なお一部に戻りまして恐縮でございますが、
株価につきまして最近特に顕著なることは、
大型株がさえないということでございます。これの
指標を参考までに申し上げますと、昨年の三十六年七月十八日の
高値、三十七年五月三十一日、ごく最近の五月末の指数とを比較いたしまして、
ダウにおきましてマイナス二五・二九%、二五%の下げを来たしたのでございます。ところが
大型株——この
大型株は資本金百億円以上、小型株は資本金十億円未満、その他のものを一応中型株と呼ばしていただきまして、大体四十ないし六、七十の
銘柄をとりまして、取引所において積算をいたしました結果を申し上げますと、
大型株におきましては、同期間におきましてマイナス二七%をつけておりまして、
ダウで二五%の下げを上回った下げを来たしておるのでございます。ところが、中型株におきましては一〇%の下げでございまして、
ダウの二五%に比べて下げ幅は少ない。しかるに小型株におきましては七%逆に騰貴をしている、プラスの七%ということに相なっている次第でございます。
次に、投資信託の
関係につきまして御
説明いたします。
三十六
年度におきまして、単位型の株式投資信託におきまして三千九百十一億円の設定を見たのでございます。これは
一般に相当の好況を見た結果でございますが、特に三十六年八月までの
数字をとりますと、月
平均三百五十億円ないし五百億円の設定を見ましたが、九月以降におきましては、それが百億円ないし二百億円に減っておるのでございます。三十七年に入りまして、五月を除きまして、各月とも二百億円を突破しておるのでございます。これは昨年の十一月、十二月の設定額を上回るような
数字でございます。
解約額につきましては、千三百億円ということが三十六年の
数字でございます。これは
株価がさえませんときにはむしろ逆に解約の方は減りぎみであるということがこの場合においても言えるのでございまして、先ほどと同じように三十六年八月までの解約額は月
平均百二十八億、ところが九月以降におきましては八十八億五千万というふうに相なっております。

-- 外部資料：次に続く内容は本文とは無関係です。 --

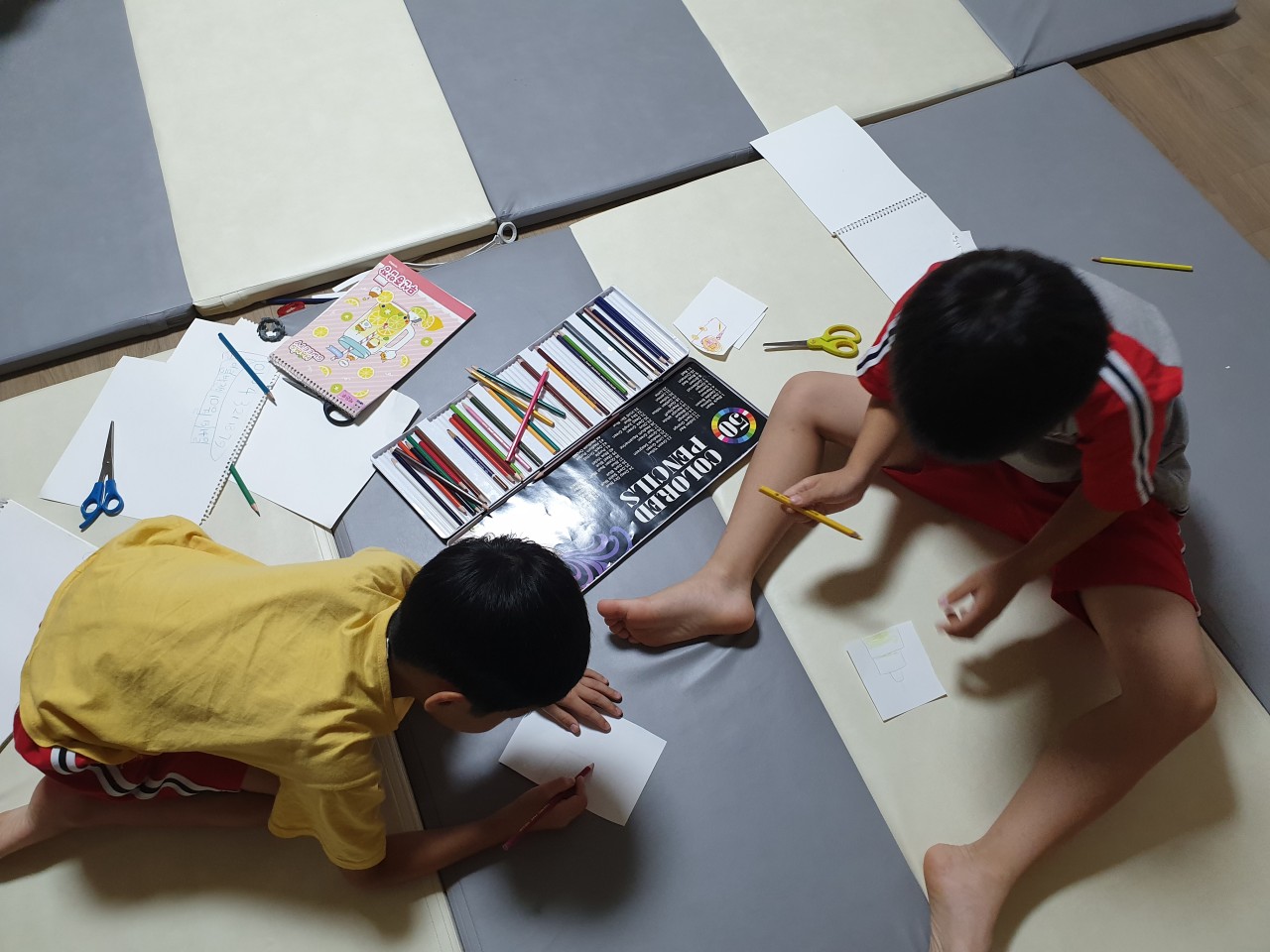 돌잔치5.jpg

三十七年に入りまして、一月以降におきましても、大体一月、二月は先ほど御
説明をいたしましたように
株価が若干戻したのでございますので、百二十三億なり百二十五億の解約額を示しております。その後
株価の
低落とともに解約額は減少を来たして九十六億なり八十二億ということに相なっておるのであります。この解約額と残存元本との比率をとりますと、一月から二月におきましては一・八%、三月一・七%、四月が一・四%、五月は一・一%、かようなことになりまして、単位型におきますところの解約の残存元本に対する比率は、昨年の上半期大体二%
程度でございますので、相当減っておるということでございます。その結果、年間または月間の増減、一番右の欄をごらんになっていただきますと、三十六年の総計では二千五百十二億ということになりまして、本年に入りまして、二月、三月は百二十九億円なり百二十七億円の増を示しておりまして、昨年九月以降最も高い
増加を示した月でございます。
次に、追加型でございますが、三十六年におきましては、総計千七百二十六億円の設定を見たのでございます。ところが三十七年に至りましては一月に百二十一億、その他の月におきましてはさしたる設定を見ておらないのでございます。解約に至りますと、三十六年は二百五十六億円ということでございますが、三十七年に入りまして相当多量の解約が出ておるのでございます。単位型につきまして御
説明したことはここにはあまり当てはまらないということになっております。その結果、年間または月間の増減におきまして本年二月以降赤字を示しておる次第でございます。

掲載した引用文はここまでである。